All because you refuse believe in all the “real stuff”, like the tomorrow which hasn’t come or the “statistics” which are just numbers on paper. No. Instead, you’re just standing there looking at a real physical man, lying in a real physical bed, and telling him, as Jesus did, to get up and walk.
That’s faith.
Faith is being a realist. Faith is not being afraid of the ghosts in your head. Faith is acting as though God is looking out for you, even when you don’t see it. As Saint Paul said, we walk by Faith and not by Sight, because we have fallen, and part of what we have fallen into is Time. Out of Eternity. Into an illusion.
That is how, as again Saint Paul said, the heroes of the faith walked through furnaces, and shut the mouths of lions and conquered empires, and slew giants.
Because they never believed the illusions that said it wasn’t possible. That’s the metaphysics of Faith. That’s why God asks us to have it. It’s not an arbitrary request but rather asking us to come back up out of our fallen state. The one haunted by so many imaginary ghosts. “You are not in danger.” God says. “You will not starve to death. You will not be homeless. You will not die. There are no lions and, if there ever are, I will calm them. Believe in me. Love me. Trust me. Look around. You are actually lying in bed on a pillow with an iced tea. My child even death is an illusion and nothing whatsoever to fear.”
But…
Maybe you’re not ready for that. And that’s okay too. Just know that, when you make a decision out of fear, out of anxiety… when you bow down to Babylon’s idols… you are in some real sense consenting to Babylon’s authority over you. Giving yourself to Nebuchadnezzar instead of God. When you do that you place yourself outside of God’s protection. Outside his jurisdiction. That’s not to say God isn’t still watching out for you but when you choose not to have faith you have, on some level, made a deal with the Devil.
And the Devil don’t play.
And so I ask you to really examine your life and all the bad and negative things that have happened within it. How much of those things were, if you are honest, a result of your acting out of fear instead of faith? And how many might have been turned to good if you’d likewise approached each circumstance with confidence and virtue, instead of anxiety and vice?

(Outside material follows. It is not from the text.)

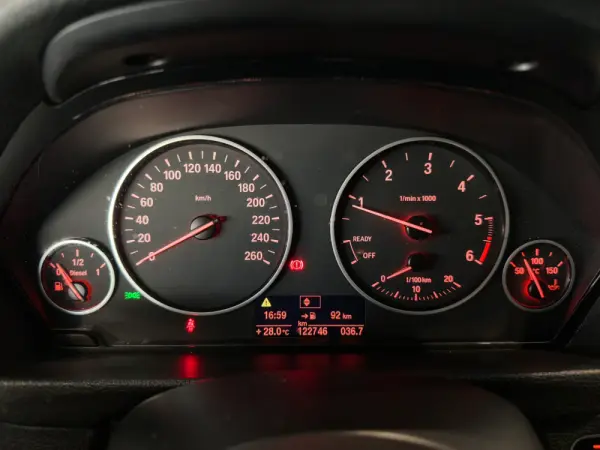 BMW 318 d Line Sport 19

I know in my case the answer to both is “More than I’d like to admit.”
Go with God and fear nothing. For every fear is an illusion, even the fear that you will fail.
Amor Vincit Omnia.
Jesus said,
"Truly, truly, I say to you, whoever believes in me will also do the works that I do; and greater works than these will he do". John 14:12. He meant that literally.
It is interesting that we "know" that there is a future, but we don't actually know the future. Its just enough certainty to be uncertain. We seem to be designed to detect patterns and learn, which can be used for good. But we can also learn to try and avoid even the chance of pain or even the chance of suffering, while ultimately missing out on the chance for positive experiences.